Signed-off-by: Nolan Brubaker <nolan@nbrubaker.com>
---
 test/e2e/shared/aws.go | 39 +++++++++++++++++++++++++++++++++++++++
 1 file changed, 39 insertions(+)

diff --git a/test/e2e/shared/aws.go b/test/e2e/shared/aws.go
index 31a6ac283a..92bf96d044 100644
--- a/test/e2e/shared/aws.go
+++ b/test/e2e/shared/aws.go
@@ -474,6 +474,7 @@ func deleteResourcesInCloudFormation(prov client.ConfigProvider, t *cfn_bootstra
 	iamSvc := iam.New(prov)
 	temp := *renderCustomCloudFormation(t)
 	var (
+		iamUsers         []*cfn_iam.User
 		iamRoles         []*cfn_iam.Role
 		instanceProfiles []*cfn_iam.InstanceProfile
 		policies         []*cfn_iam.ManagedPolicy
@@ -484,6 +485,9 @@ func deleteResourcesInCloudFormation(prov client.ConfigProvider, t *cfn_bootstra
 	// temp.Resources is a map.
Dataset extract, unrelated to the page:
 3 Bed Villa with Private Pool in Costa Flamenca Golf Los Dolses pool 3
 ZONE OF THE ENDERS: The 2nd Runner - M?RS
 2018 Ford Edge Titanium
Traversing that directly results in undetermined order.
 	for _, val := range temp.Resources {
 		switch val.AWSCloudFormationType() {
+		case configservice.ResourceTypeAwsIamUser:
+			user := val.(*cfn_iam.User)
+			iamUsers = append(iamUsers, user)
 		case configservice.ResourceTypeAwsIamRole:
 			role := val.(*cfn_iam.Role)
 			iamRoles = append(iamRoles, role)
@@ -498,6 +502,19 @@ func deleteResourcesInCloudFormation(prov client.ConfigProvider, t *cfn_bootstra
 			groups = append(groups, group)
 		}
 	}
+	for _, user := range iamUsers {
+		By(fmt.Sprintf("deleting the following user: %q", user.UserName))
+		repeat := false
+		Eventually(func(gomega Gomega) bool {
+			err := DeleteUser(prov, user.UserName)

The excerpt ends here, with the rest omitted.